Cette histoire nous est contée par le fils du consul, âgé de dix ans. La Chine de l’époque, convoitée à la fois par les Français et les Britanniques est taillée en pièces par les diverses factions et les seigneurs de la guerre. Le consul est obsédé par l’idée de faire construire un chemin de fer entre Tcheng Tu et Hanoi qui lui permettrait d’être bien noté par ses supérieurs, et pourrait lui mériter un poste d’ambassadeur. Pour arriver à ses fins, il est prêt à toutes les compromissions, et même à s’engager dans des combines louches qui pourraient le mettre en danger, lui et sa famille.
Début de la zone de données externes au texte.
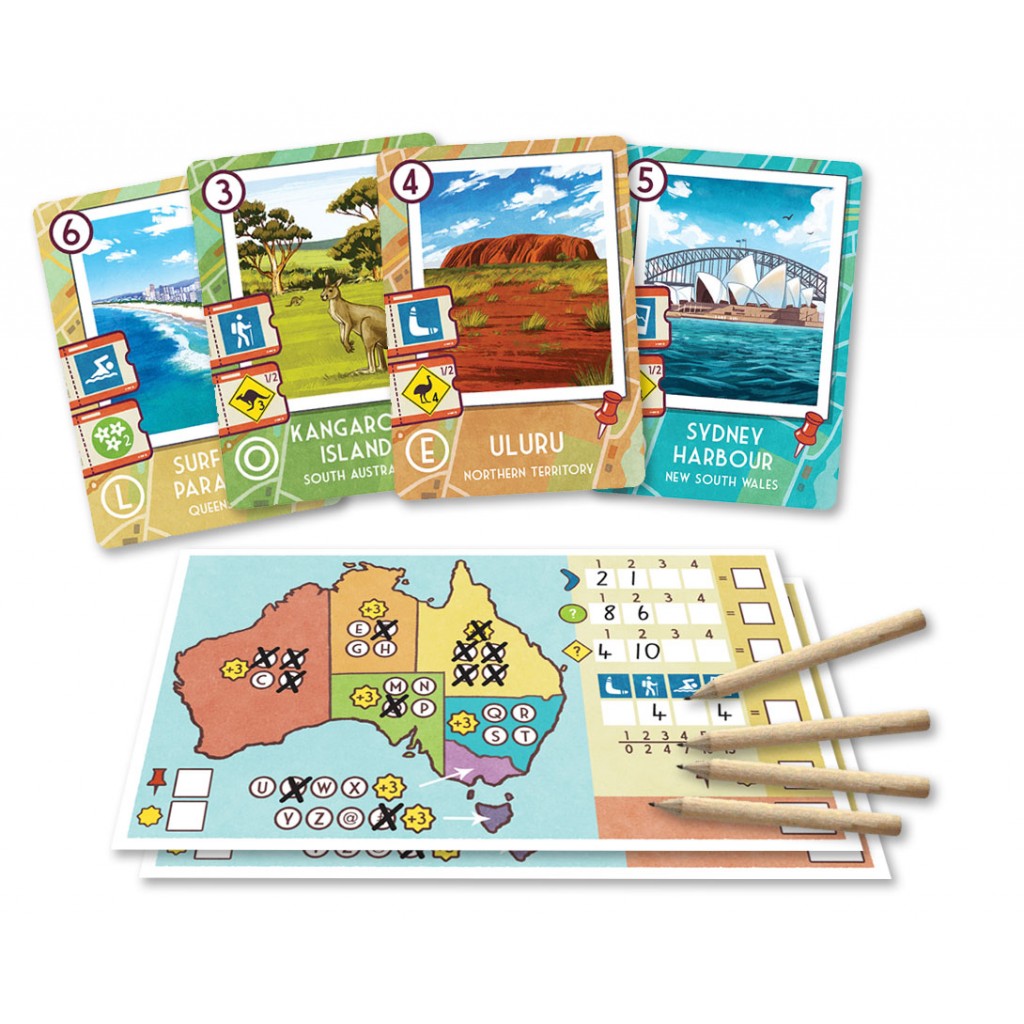 Boomerang : Australia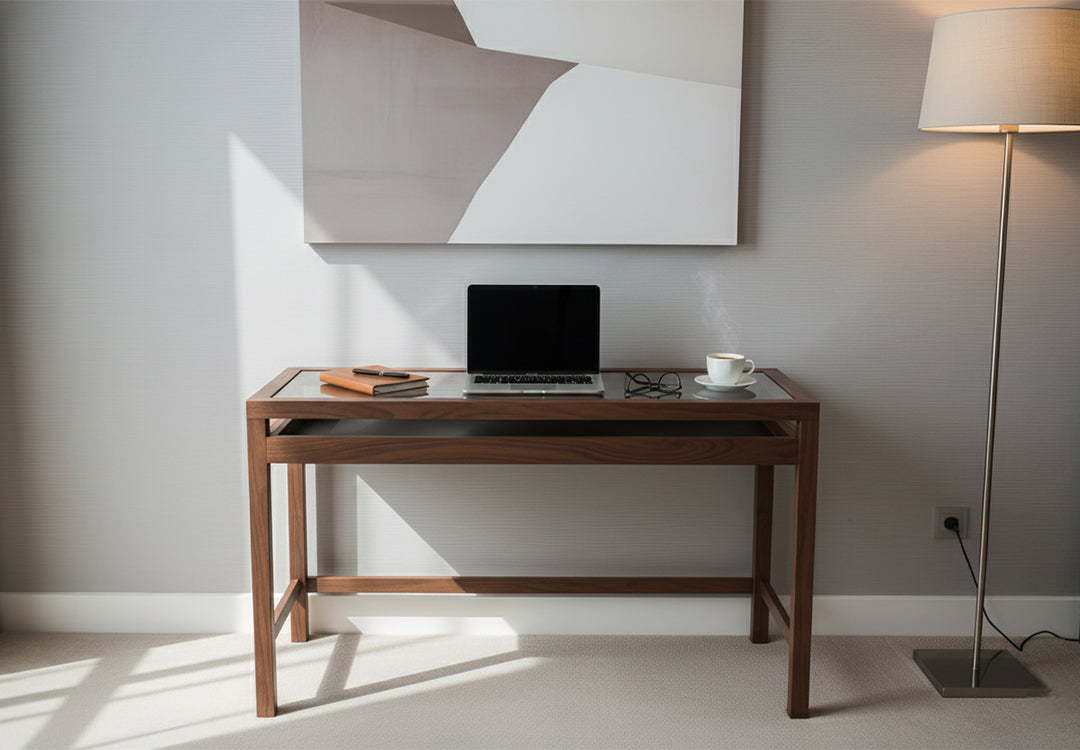 Raku Çalışma Masası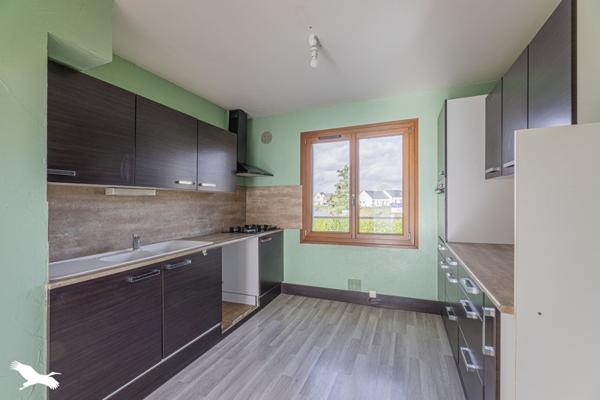 Maison à vendre |  Beaumont-la-Ronce |  3 pièces | 80 m²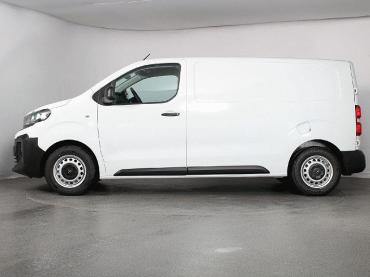 Opel Vivaro Kastenwagen Standard Opel 2.0 BlueHDi 145 106 kW (145 PS) 6-Gang 2.0 BlueHDi 145 6-Gang Neuwagen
Cette histoire hallucinante, sur fond de violence, de cruauté et de corruption nous dépeint une Chine où la vie des petits n’a aucune espèce d’importance et où la brutalité règne en maître. Les ruses déployées par ces bandits nous font voir qu’à cette époque depuis longtemps oubliée, les malfaiteurs de l’Empire céleste auraient pu en remontrer, même à nos plus habiles mafiosos.
Le mépris et le dégoût qu’inspire Albert le consul à son épouse Anne-Marie, confèrent à ce récit une intensité dramatique qui devrait inciter le lecteur à ne pas lâcher prise et à apprécier jusqu’à la toute fin cette palpitante aventure qui nous est racontée avec un immense talent.